What the task asks
In the entries below, which lines run from the one containing "New Balance Hooded" to the one containing "Robert Polanco resalta"? Copy exactly those lines, ends included, and no others.

Segment Start: Supplied information

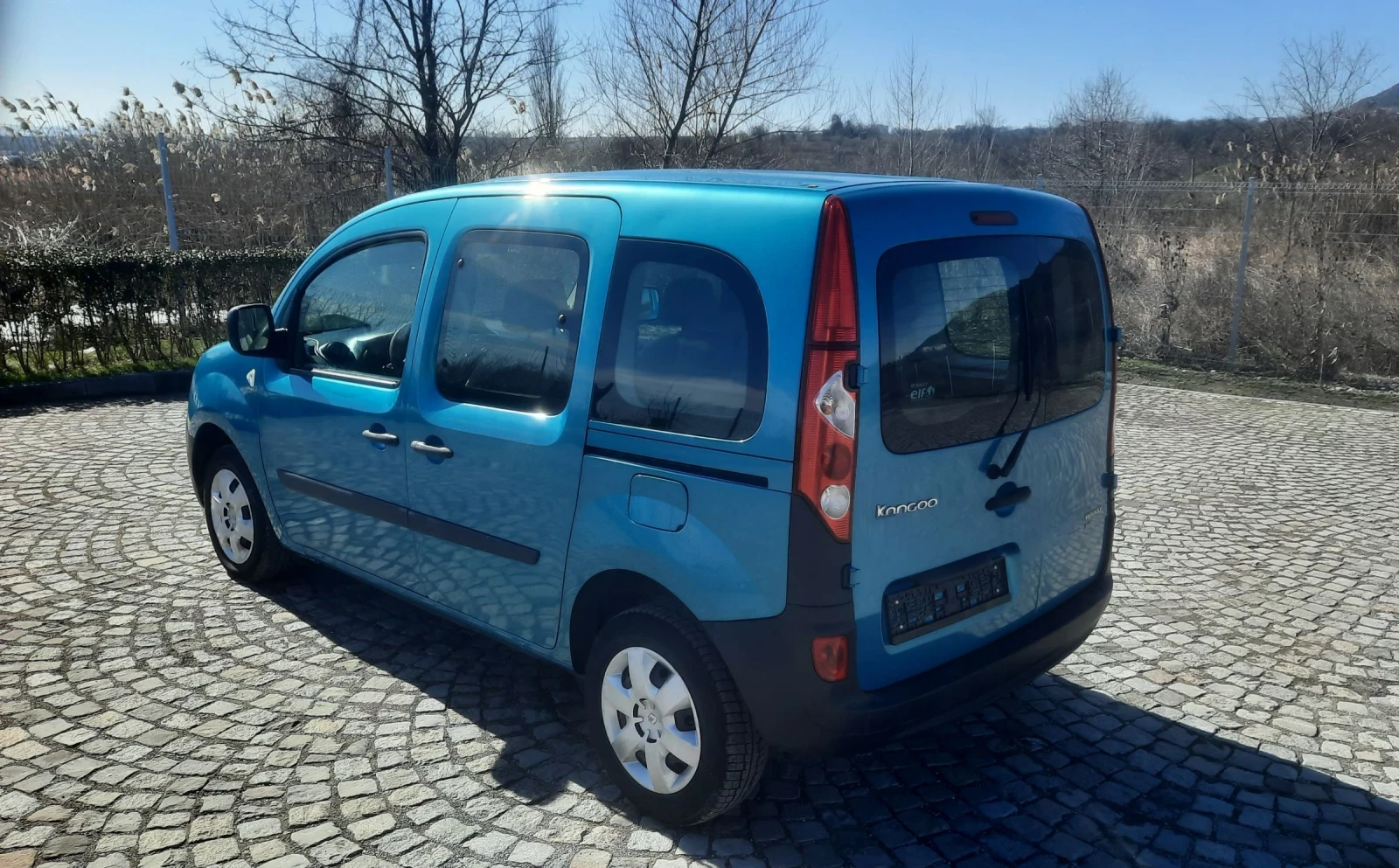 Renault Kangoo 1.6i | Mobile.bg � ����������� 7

Segment End: Supplied information
Segment Start: Supplied information

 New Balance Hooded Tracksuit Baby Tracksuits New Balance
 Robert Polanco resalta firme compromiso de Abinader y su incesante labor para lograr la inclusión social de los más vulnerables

Segment End: Supplied information

Answer to this problem
 New Balance Hooded Tracksuit Baby Tracksuits New Balance
 Robert Polanco resalta firme compromiso de Abinader y su incesante labor para lograr la inclusión social de los más vulnerables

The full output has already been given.